Provisions of the Tax treaty are applied by the JSC following the procedure established by Article 212 of the RoK Tax code, on the basis of a document presented by the Non-resident which confirms his residency, or its notarized copy meeting the requirements of paragraphs 4 and 5 of Article 219 of the Tax code.
Such a document must be presented by the Non-resident not later than one of the earlier dates as stipulated by paragraph 3 of Article 212 of the Tax code, in particular, not later than:
1) 31 March of the year following the tax period determined in accordance with Article 148 of the Tax code, in which income was paid to the Non-resident or unpaid income of the Non-resident was recognized as deductions;
2) starting date of a scheduled tax audit of the quarter in which income was paid to the Non-resident, ending in the calendar year when such a tax audit is performed in respect of fulfilment of a tax liability on CIT withheld at the source of payment;
3) five business days before the completion of an off-schedule tax audit of the quarter in which income was paid to the Non-resident, ending in the calendar year when such a tax audit is performed in respect of fulfilment of a tax liability on CIT withheld at the source of payment. The completion date of an off-schedule tax audit is determined in accordance with an instruction.

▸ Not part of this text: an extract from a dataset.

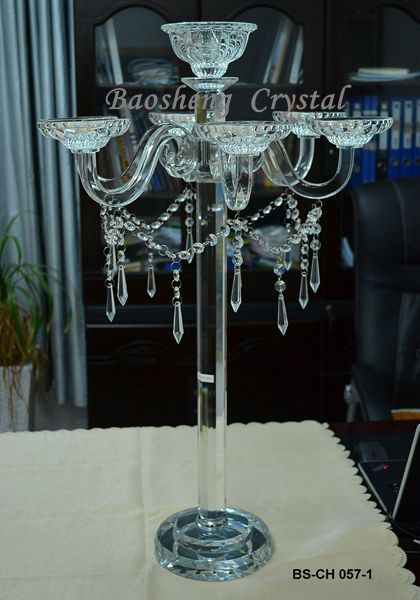 Latest Tall 7 Arms Crystal Candelabra with flower bowl for Wedding Centerpieces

Special attention should be paid to the format of a document confirming the residency of the Non-resident. The document should confirm that the Non-resident is a resident of the PRC during the period of time specified in the document or within the calendar year in which it was issued. Since the PRC is not a party to the Treaty abolishing the requirement of consular or diplomatic legalization by affixing an apostille (the Hague, October 5, 1961), except for the territories of Hong Kong and Macau provinces, the document confirming residency of the Non-resident is subject to a consular legalization in the manner prescribed by the RoK legislation.

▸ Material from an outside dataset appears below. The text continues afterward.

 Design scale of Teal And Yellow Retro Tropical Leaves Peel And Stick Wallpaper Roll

Considering that consultancy and investigatory services will partially be provided by the Non-resident’s specialists in the territory of Kazakhstan, if they are provided within the period not leading to the formation of the Non-resident’s permanent establishment in the RoK, in addition to a residency certificate, the Non-resident will also need to submit notarized copies of constituent documents or extract from the trade register (stockholder register or other similar document under the laws of the PRC, indicating the founders (participants) and majority shareholders of the Non-resident).
Thus, in order that the Non-resident’s income could be exempted from tax and to avoid any risk of creating a permanent establishment of the Non-resident in Kazakhstan, pursuant to the norms of the Tax Treaty, the period of providing consultancy and research services under the contract should not exceed 12 months.

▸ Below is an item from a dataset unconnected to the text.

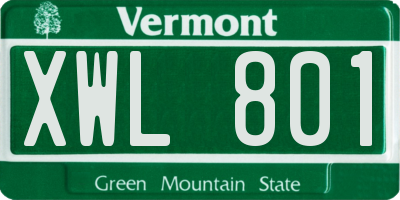 VT license plate XWL801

In accordance with sub-paragraph 4) of paragraph 2 of Article 236 of the Tax code, the location of sale of consultancy and research/engineering services shall be recognized to be a place where the buyer of the work, services is engaged in business or any other activity, that is Republic of Kazakhstan.
In this regard, when income is paid to the Non-resident for the provided consultancy and research/engineering services, for which the RoK is the location of sale, the JSC will be obliged to assess and pay VAT for non-residents at the rate of 12%. However, pursuant to paragraph 5 of Article 241 of the Tax Code, in the presence of a payment document or a document issued by the tax authority according to the form established by the authorized body, confirming payment of VAT for the non-resident, the JSC shall be entitled to set off the amount of tax paid in accordance with Article 256 of the Tax Code.